The restaurants help move a lot of bison but they also have a secondary effect. If customers enjoy their meal, they start looking a little more closely at the bison meat they’re starting to see more regularly in supermarket coolers.

Another boost to the marketing comes from the increasing national preference for natural foods.

“The natural foods industry and the bison industry have kind of come together,” Matheson said.

“We’re a great little part of American agriculture that I think has a great future,” said Bob Dineen, president of Rocky Mountain Natural Meats in Denver. His company deals only in bison and distributes it around the country under the Great Range brand.

Dineen said demand is high enough that he’s paying 15 percent more for carcasses than he did a year ago, he’s getting ready to double his number of employees (he currently has 23), and he’s always looking for more supply.

There could be more on the way.

In 2007, the number of bison slaughtered rose by 17 percent to nearly 50,000 animals. Per pound prices rose to $2.04, an increase of 24 cents. And prices for breeding animals also rose by 20 percent, indicating more ranchers are planning to expand their herds.

At the November bison auction at Custer State Park in South Dakota, breeding bulls fetched $2,100 and mature cows brought $1,000.

Breeding animals in 2000 brought an average of $316 a head, well below the cost of raising them.

Still, the industry has a long way to go to catch up to its heyday in the 1990s, when breeding animals brought $3,000 and the bison association had more than twice its current membership. But in those days, the focus was on production instead of marketing and that’s what led to the meltdown of 2000 and 2001.

Bison meat has become a standard offering rather than a novelty in many nationwide grocery chains, particularly natural foods giants like Whole Foods and Wild Oats, and consumers are coming back for more, Dineen said.

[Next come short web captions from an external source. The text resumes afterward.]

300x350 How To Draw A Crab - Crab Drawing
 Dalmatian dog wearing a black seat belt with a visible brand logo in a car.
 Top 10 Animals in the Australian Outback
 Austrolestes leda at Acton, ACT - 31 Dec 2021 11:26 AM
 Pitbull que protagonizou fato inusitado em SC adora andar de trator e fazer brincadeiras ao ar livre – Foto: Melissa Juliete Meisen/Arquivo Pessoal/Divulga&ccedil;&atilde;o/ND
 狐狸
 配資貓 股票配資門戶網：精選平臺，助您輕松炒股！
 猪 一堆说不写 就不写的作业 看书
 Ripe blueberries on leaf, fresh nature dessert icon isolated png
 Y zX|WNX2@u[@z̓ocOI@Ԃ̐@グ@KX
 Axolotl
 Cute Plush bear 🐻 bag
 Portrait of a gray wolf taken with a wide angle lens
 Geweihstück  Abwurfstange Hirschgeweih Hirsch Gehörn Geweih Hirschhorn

Plus, the hide market is strong, and byproducts like organs have found a niche in the pet food industry.

“Our issue now is growing the industry on the cow-calf side, getting more producers involved and increasing the supply,” Dineen said.

That could be difficult. Lots of people who jumped into the bison business in the 1990s wound up with burnt fingers and smaller wallets.

“A lot of people got out of the business,” said Dan Day, a bison rancher from Kalispell and president of the Montana Bison Association. “I really doubt it’ll ever get to the point that it was.”

His group has about 30 percent of the membership it had a decade ago, he said, and though some ranchers recently joined his group, he said he’s not aware of any new bison ranch startups in Montana.

The increased production is coming largely from established operations that are expanding, which means the people who stuck it out through the bad times are seeing a rapidly growing market again, with three consecutive years of double-digit growth. Today, U.S. and Canadian bison ranchers own about 500,000 animals.

Turner, too, is planning for additional growth, Miller said.

“We’re expanding because we don’t yet have all of our ranches fully stocked,” he said. “We have no second thoughts about raising an indigenous species on the Great Plains.”